Depression: The Curse of the Strong (Review)

Quite a few months ago I came across a book called Depressive Illness: The Curse of the Strong by Dr. Tim Cantopher*. Naturally, any book that wants to tell me I’m strong has to be worth a read so I clicked that oh-too-simple-to-spend-my-money 1-click-purchase button. The book then lived idly on my Kindle for several months while my money lived actively in the Amazon bank account. I should probably work on my impulse buying! However, I did eventually get around to reading it and I figured I should share some of my thoughts with you all in a review of sorts. So here goes.

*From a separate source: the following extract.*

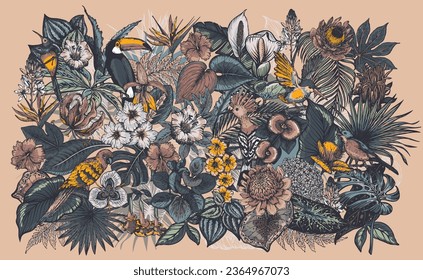 Grosser, schöner, bunter Vektorhintergrund mit exotischen tropischen Vögeln, Blumen und Pflanzen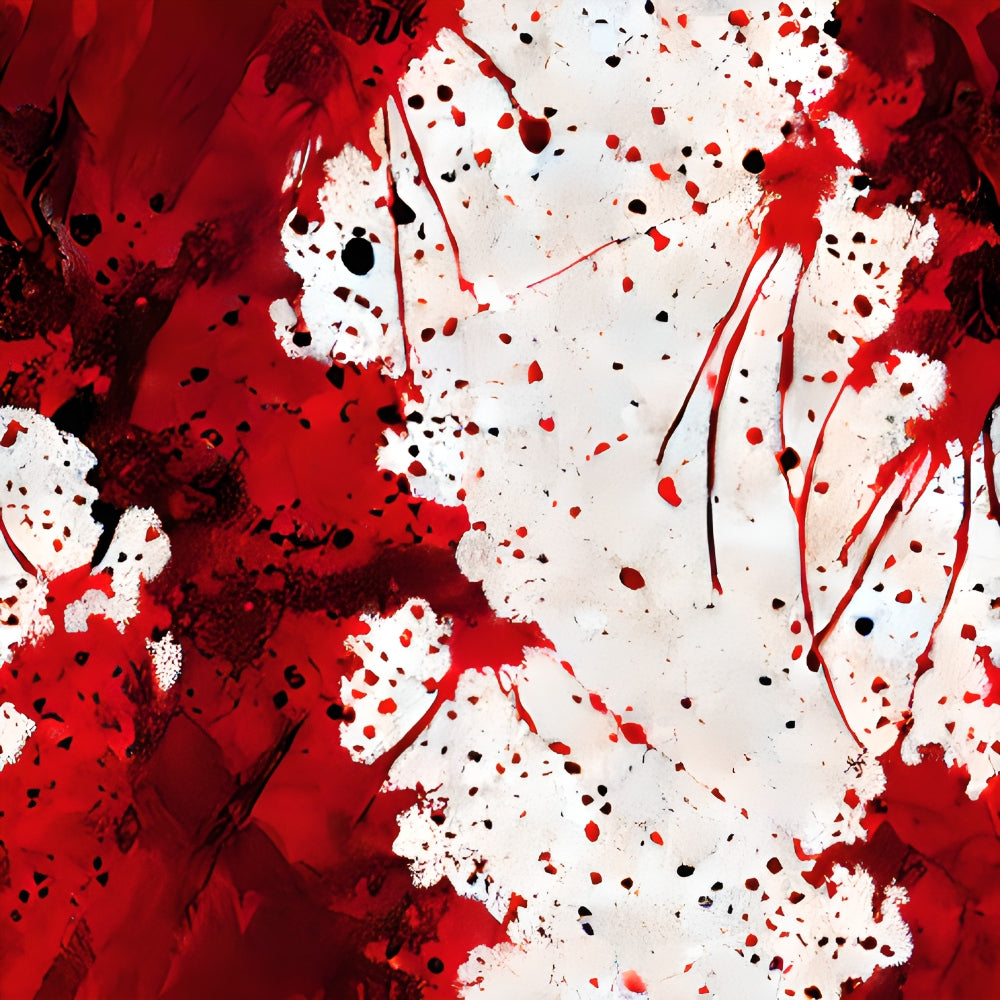 red, white, black, blood spatter, splatter pattern, drips, drops, abstract design, horror theme, halloween, gothic, dramatic, high contrast,, fabric panel, crimson, burgundy, stains, splatters, dark aesthetic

I finished this book in about 3 evenings. It’s really simple to read and does quite a good job of explaining without being patronising (about 90% of the time – in some places I think the author went a little overboard with the “you’re so strong” message). This book has divided me. On the one hand, I think those of us suffering from depression could do with a nice dose of positive energy and reassurance that we do indeed suffer from a physical illness. On the other hand I’m not quite sure that the author has carried through on his attention-grabbing title – I found that I closed the book with a little bit more self-love and a sense of strength but no practical ideas for maintaining that state. The suggestions are the usual: rest, relax, ask your boss to reduce your hours, don’t watch TV before bed….nothing I hadn’t heard before. Perhaps I’m looking for a miracle cure but if you author a book for the Type A personality you can’t really expect them to start spontaneously meditating. In fact, I would argue that we are the very people who should be given activities and exercises instead…something to DO! That’s just how we work.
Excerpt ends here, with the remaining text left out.